You should use Zstandard for log file compression
(Never heard of Zstandard? Read this after looking at my fancy charts.)
We ship our logs to a popular log analysis tool that provides a web interface and cool data mangling tools, but we also store plaintext copies that we occasionally need to refer to. Logs used to be archived on individual servers, but during a recent architecture shift we set up a centralised aggregation service to preserve logs from ephemeral instances. Centralising log storage also centralises log processing, and the choice of compression tool matters a lot more than it used to when compression and decompression were done in parallel across a whole fleet of machines.
I noticed that operations were taking a lot longer than we’d like, so I took a random log file from one machine (slightly under 8 GiB uncompressed) and ran some tests to see if we could find a better tool.
If you’re looking through large log files with any regularity, you
can stop reading here. zstd
is the clear winner, requiring a mere
37% of the time that its closest competitor did. (There’s also a
clear loser: I left bzip2
off of these charts because I didn’t
like how small it made the other bars.)
Decompression speed is only one third of the puzzle, you say?
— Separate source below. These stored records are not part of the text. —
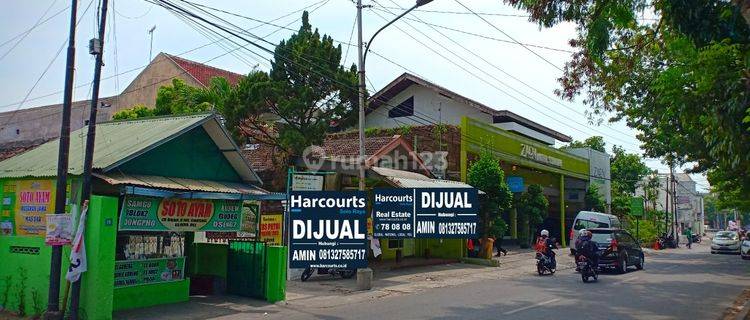 Rumah Halaman Luas Pinggir jalan Besar Solo kota dekat Grandmall dengan Tanah Luas 682m cocok untuk Bisnis maupun tempat tinggal 1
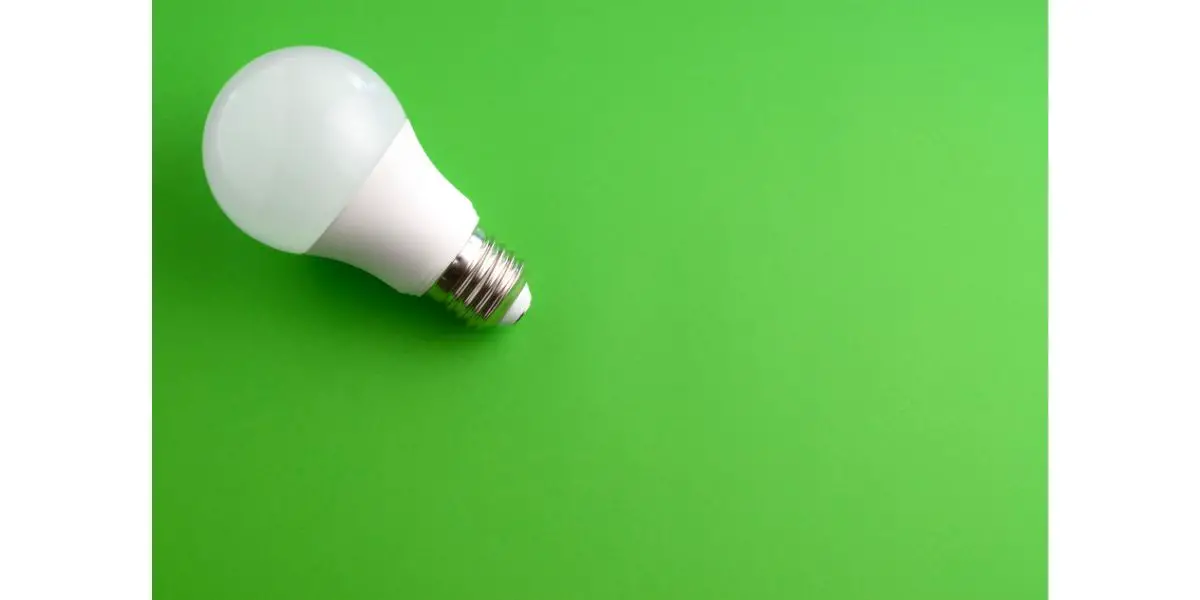AdobeStock_210309483 White smart lightbulb on a green background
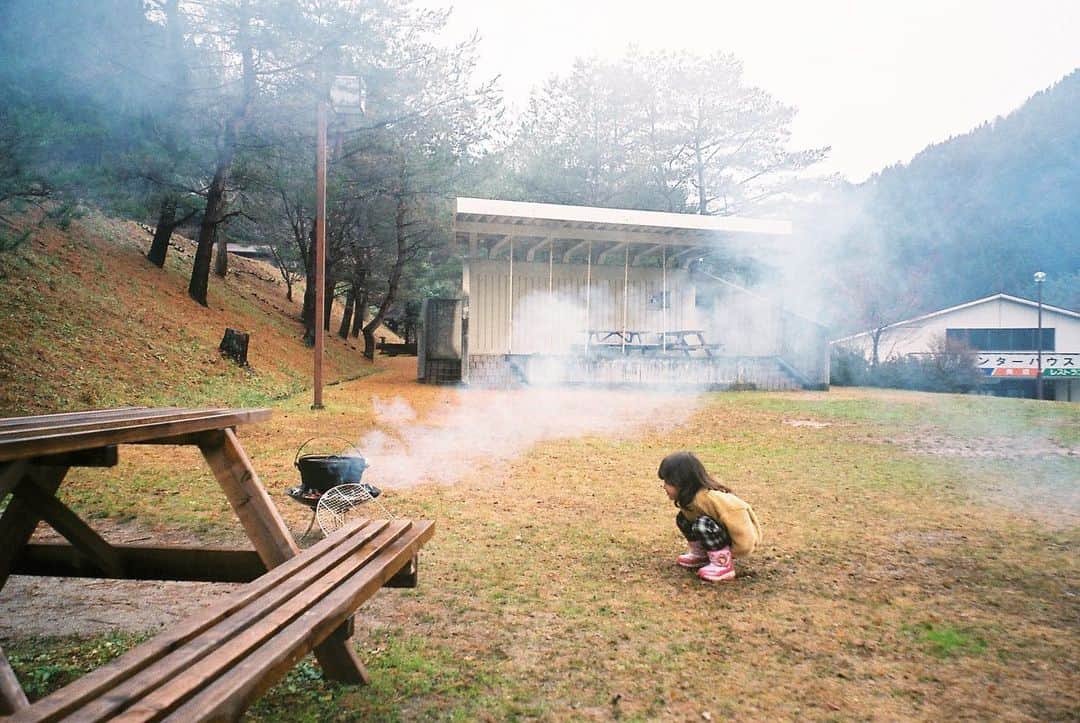Aya（高本彩）さんのインスタグラム写真 - (Aya（高本彩）Instagram)「煙が不思議なお年頃。  #photobyaya #tokyoheadline  #コラム更新しました #パパが頑張って起こした火」1月17日 11時34分 - aya_dream04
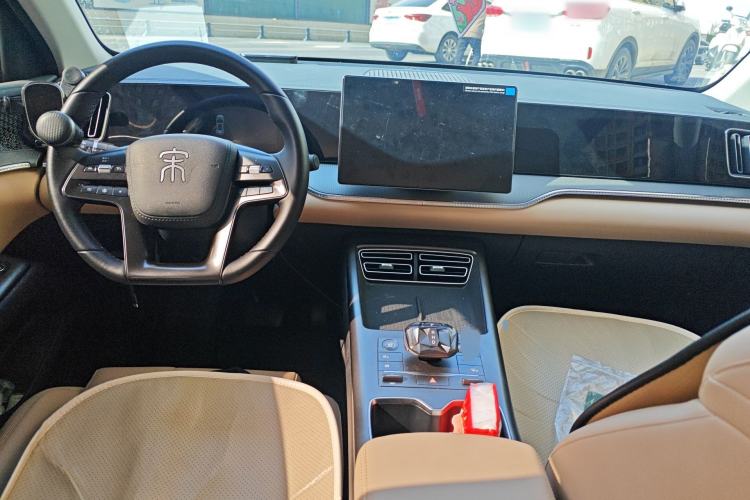 Used BYD Song Pro New Energy 2025 Second-Generation DM-i 75KM Leading Edition Center Console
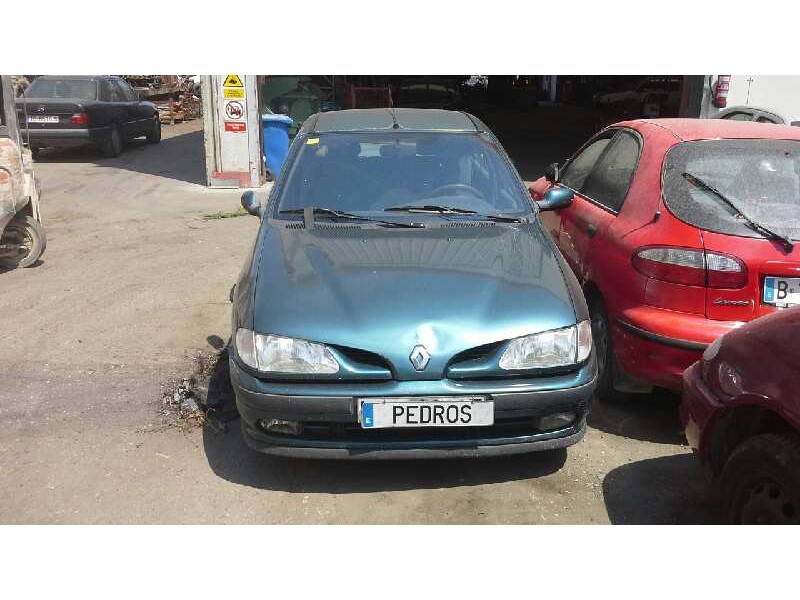 renault megane i berlina hatchback (ba0) del año 1998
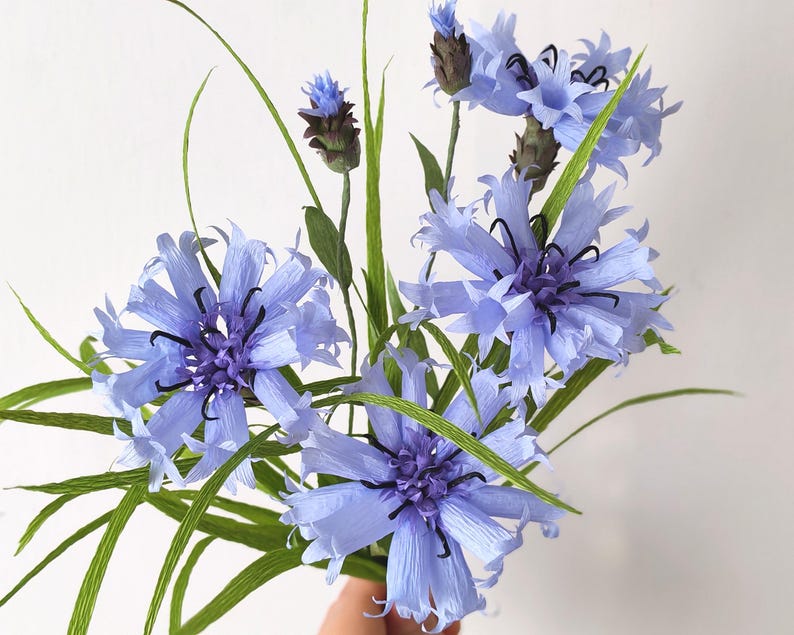 Kornblume aus Krepppapier mit Gras, handgefertigte Wildblumen-Dekoration, 30-35 cm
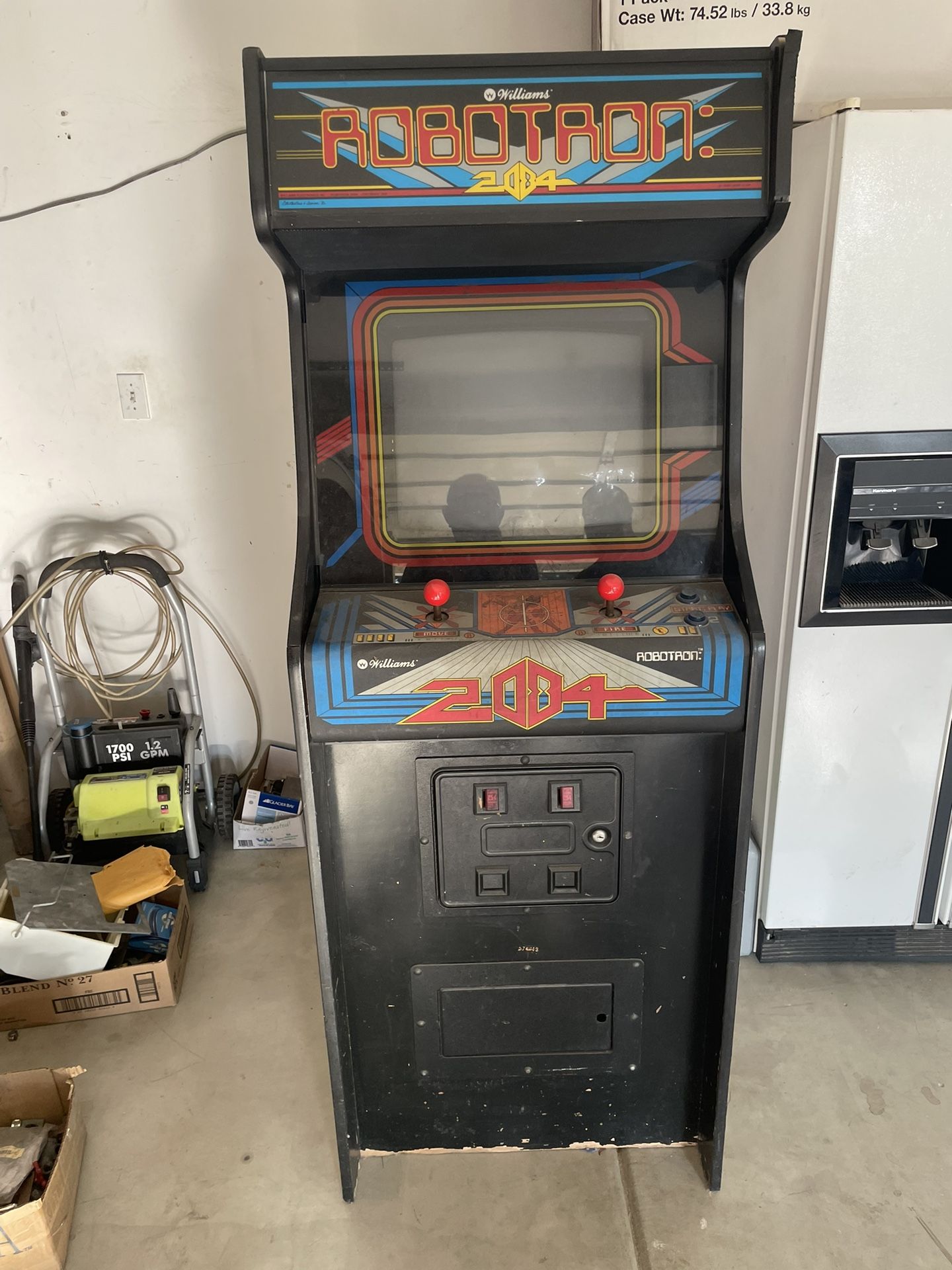 Original Robotron 2084 Arcade Machine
Well, you’re right.
The venerable gzip
has had a good run, but zstd
is both faster
and produces smaller files. zstd
at its default level (zstd -3
)
takes 1.5 minutes to compress this file to 688 MiB. xz
can put out a
smaller file (xz -6
, left off of this chart, will get it down to 497
MiB in a mere 36 minutes), but bumping up the zstd
level gets within
shouting distance of reasonable xz
levels in considerably less time,
while retaining the advantage of fast decompression.
I’m going to move to Zstandard for log compression, and you should too.